Hi! I have a large NN-inference program that runs on Jetson. Unfortunately there’s not enough memory for it to operate and I need to optimize it somehow. Are there well-known techniques and advice to reduce memory consumption on a Jetson device? Thanks!
More info: TensorRT, Cuda 10.2, L4T 32.4.4, Tegra194
How much memory are you missing? Which jetson device (they each have different amounts of RAM.)
If you’re missing a dozen megabytes, then turning off some kernel daemons you might not need (wifi or bluetooth or whatever) might help, but if you’re off by gigabytes, then chances are you probably isn’t enough that’s possible to remove – the Ubuntu overhead really isn’t all that large, even if you include all the things you DO need that it provides.
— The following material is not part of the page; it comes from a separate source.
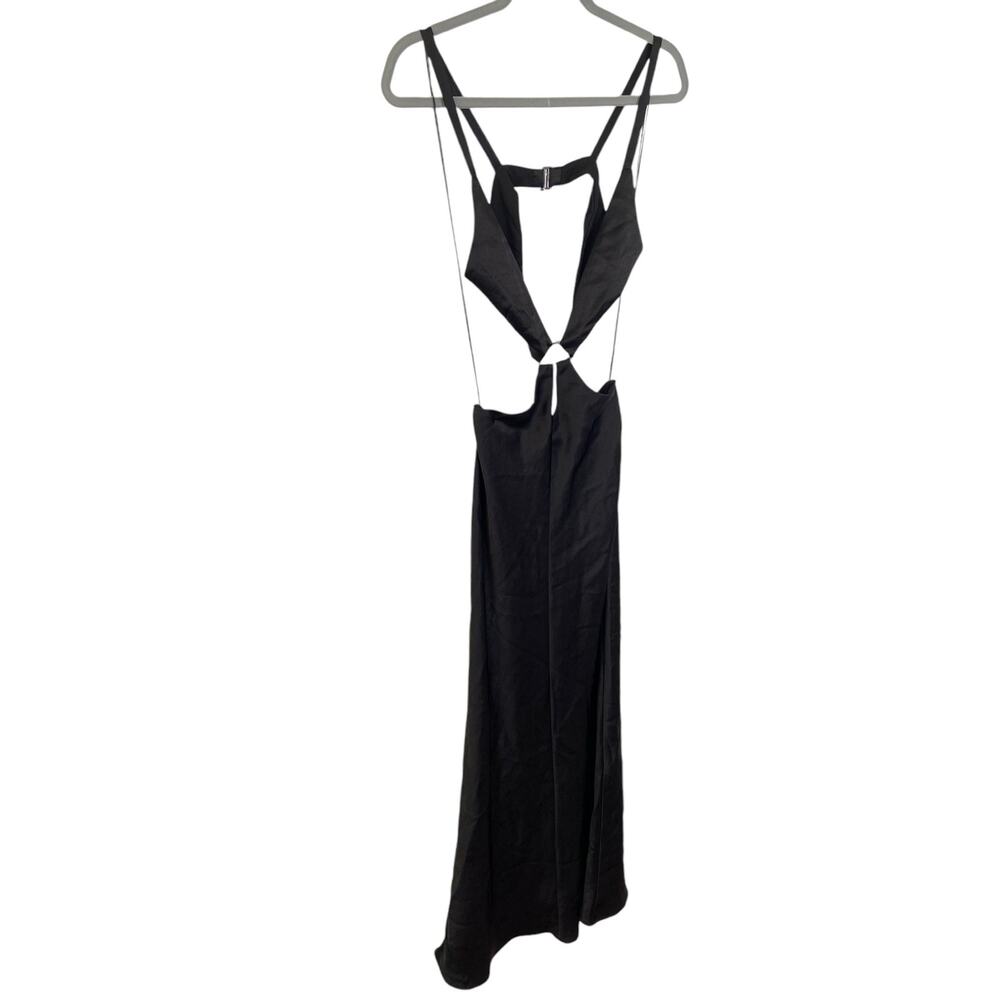 Bec + Bridge Felix V Maxi Dress Satin Cut Out Metallic Ring Detail Black Size 2 - Picture 5 of 14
If you’re asking about how to make a model smaller, then reducing the layer sizes, and reducing the number of classes detected by the model is typically how one does that. You can also look into the approaches they took in MobileNet to create a smaller network, and maybe apply something like that to your own model.
Thank you for the answer!
I’m missing around 200-400 mb, while there’s total 8gb in the device. OS has been compacted already.
The application has been written for regular CPU+GPU video card scheme and thus incurs lot of copying back and forth. Maybe I should dig into that direction…
That sounds quite fruitful! It might also make for a snappier application overall. Fewer copies are almost always better :-)
Which model do you use?
In our latest TensorRT v8.0, we provide an option to inference without loading cuDNN.
This can save lots of memory but the supported layers are not much currently.
It’s recommended to give it a try. The package is integrated in JetPack 4.6.
We use TX2 and Nano, and optimization is needed for both. Cudnn is used for inference. Thanks!
Do you use TensorRT for inference or other frameworks (ex. TensorFlow)?
If TensorRT is used, you can try to run the model with
The memory usage of MNIST decreases from 832.742 MB to 527.469 MB on JetPack 4.6.
Thank you! Does it reduce performance?
We don’t see a performance regression on the MNIST model.
Please noted that this feature starts from TensorRT v8.0.
So the supported layers are still limited currently.